WORK TO COMPLETE: In the records below, repeat word for word only the lines starting at the one that contains "Back to School" and ending at the one that contains "Alfred De Musset", pictures excluded.

SUPPLIED RECORDS:
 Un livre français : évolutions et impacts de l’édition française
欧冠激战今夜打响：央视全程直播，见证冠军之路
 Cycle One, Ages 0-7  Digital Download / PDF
--
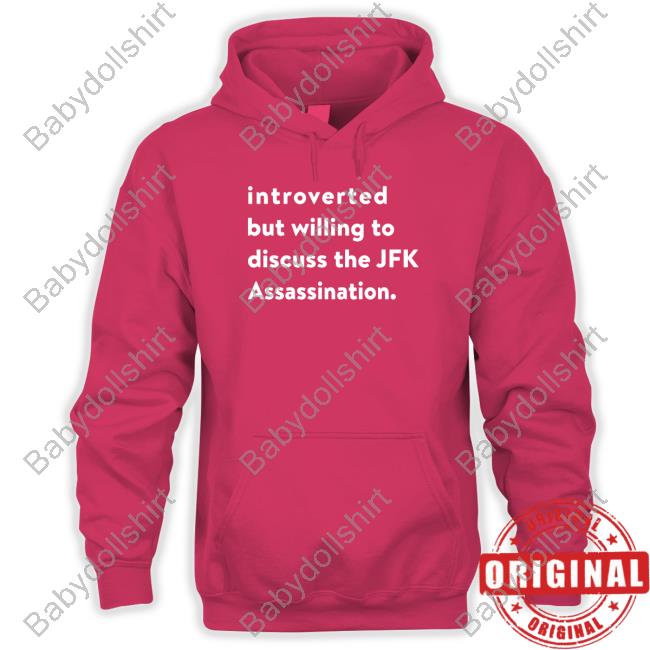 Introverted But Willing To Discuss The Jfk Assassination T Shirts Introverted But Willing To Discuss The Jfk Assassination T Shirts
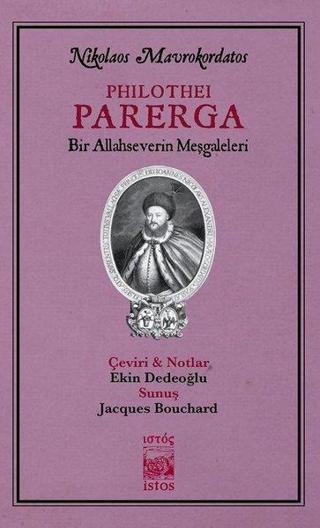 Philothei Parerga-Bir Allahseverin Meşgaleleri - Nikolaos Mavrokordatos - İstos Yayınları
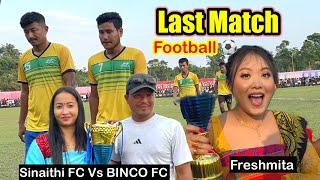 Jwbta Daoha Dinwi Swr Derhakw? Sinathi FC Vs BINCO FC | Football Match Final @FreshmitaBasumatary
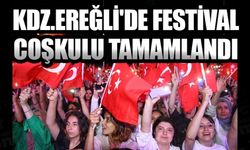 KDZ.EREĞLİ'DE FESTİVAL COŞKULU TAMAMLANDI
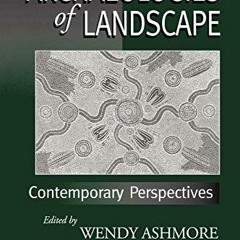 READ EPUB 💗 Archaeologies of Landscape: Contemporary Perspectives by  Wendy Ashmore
---
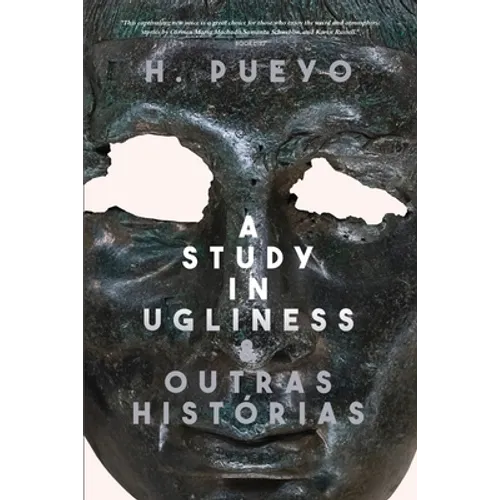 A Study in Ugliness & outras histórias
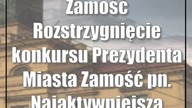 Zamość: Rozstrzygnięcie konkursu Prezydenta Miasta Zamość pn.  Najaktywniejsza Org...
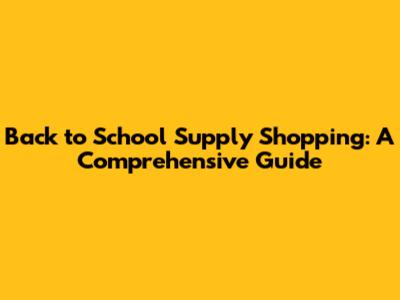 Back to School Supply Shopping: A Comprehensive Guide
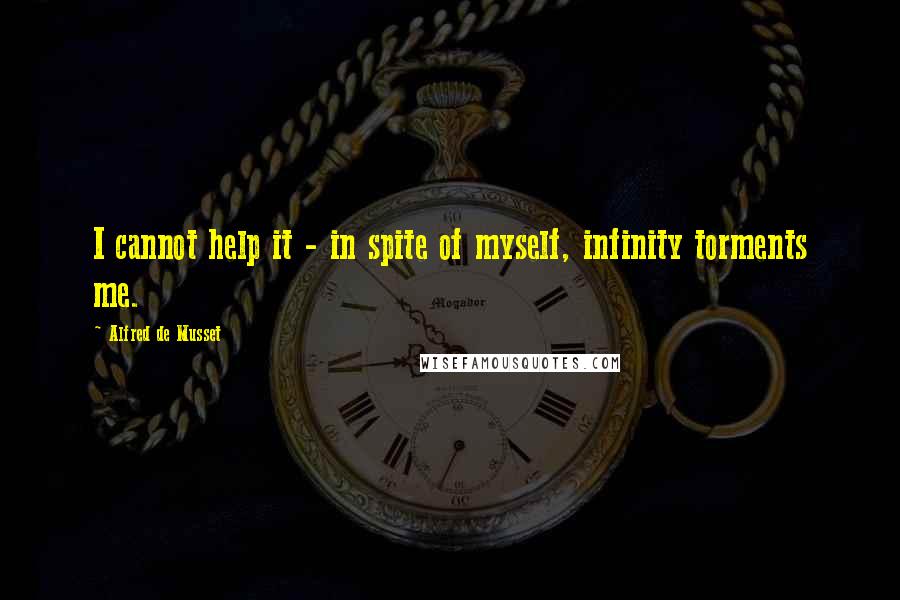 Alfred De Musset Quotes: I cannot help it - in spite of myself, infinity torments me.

RESPONSE BOX:
 Back to School Supply Shopping: A Comprehensive Guide
 Alfred De Musset Quotes: I cannot help it - in spite of myself, infinity torments me.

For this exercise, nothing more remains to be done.